The Cross-College Challenge was created after conversations with many students, parents, alumni and employers. The students expressed a strong desire to work on projects alongside students in other BU colleges.
“From students, one of the things we heard over and over again … was the desire to meet and get to know … to work with, [and] to have experiences with students in schools and colleges outside their own,” Schulman said.
Parents, alumni and employers stressed the necessity for students to enter the workforce knowing how to work in teams of people with different skills, cultural backgrounds, mindsets and talents, Schulman said.
“Being able to work in those kinds of groups is sort of an essential feature of 21st century life,” Schulman said.
The course, which will be offered to juniors and seniors, will begin a pilot stage in the summer and fall of 2018. Students can sign up for the course through a form on BU Hub’s website, which will pre-register them for the course.
Several students said they were intrigued by the idea of a collaborative group project that has the potential to involve organizations outside of BU, including Carly Baracco, a junior in the College of Engineering.
“In my experience, I haven’t gotten to talk to a lot of people from other colleges unless I do outside activities,” Baracco said, “… My classes are very much very specific to STEM fields … so it sounds like it would be a nice way [to also get to] know people from Questrom or people from CAS.”
Ruben Quinteros, a senior in the College of Communication, said he thinks the program will be useful in that it will allow students to make connections within both BU and the city at large.
“It sounds really helpful for students because it’s going to make them go out and explore things they maybe wouldn’t go to,” Quinteros said.
Schulman said all projects this summer will be focused on sustainability efforts and will only consist of one section of 25 students, but the fall course will have six sections, and will allow students to work with any one of a dozen sponsors.
While the course will not meet like a conventional class, Schulman said, there will be a designated time and space allocated to the sections to allow students and faculty a consistent time and place to meet and work on their projects.
“We’re piloting it mainly because we’re really excited about the idea and we think it could be a great program,” Schulman said, “… It could be a really valuable experience and make valuable connections for students and they could actually do some really good work. But beyond that we’re piloting it just so we can collect a lot of information.”

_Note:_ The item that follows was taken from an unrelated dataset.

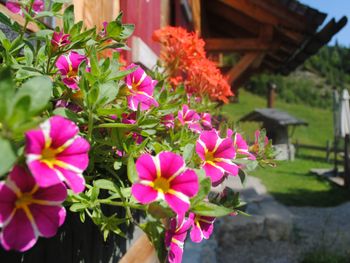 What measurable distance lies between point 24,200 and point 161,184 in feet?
0.61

While the course has a current structure in place, Morrison said students will take on the course with the understanding that it is still in its pilot stages.
“We’ve got to see how it turns out and we want to use the experience to learn what works and what doesn’t,” Morrison said.
Both Schulman and Morrison said faculty and students will be repeatedly encouraged to provide feedback during and after the course.
CORRECTION: A previous version of this article included a sentence that said students had expressed interest in collaborating with students at other institutions. The sentence has been changed. Students had in fact expressed interest in collaborating with students in BU colleges other than their own.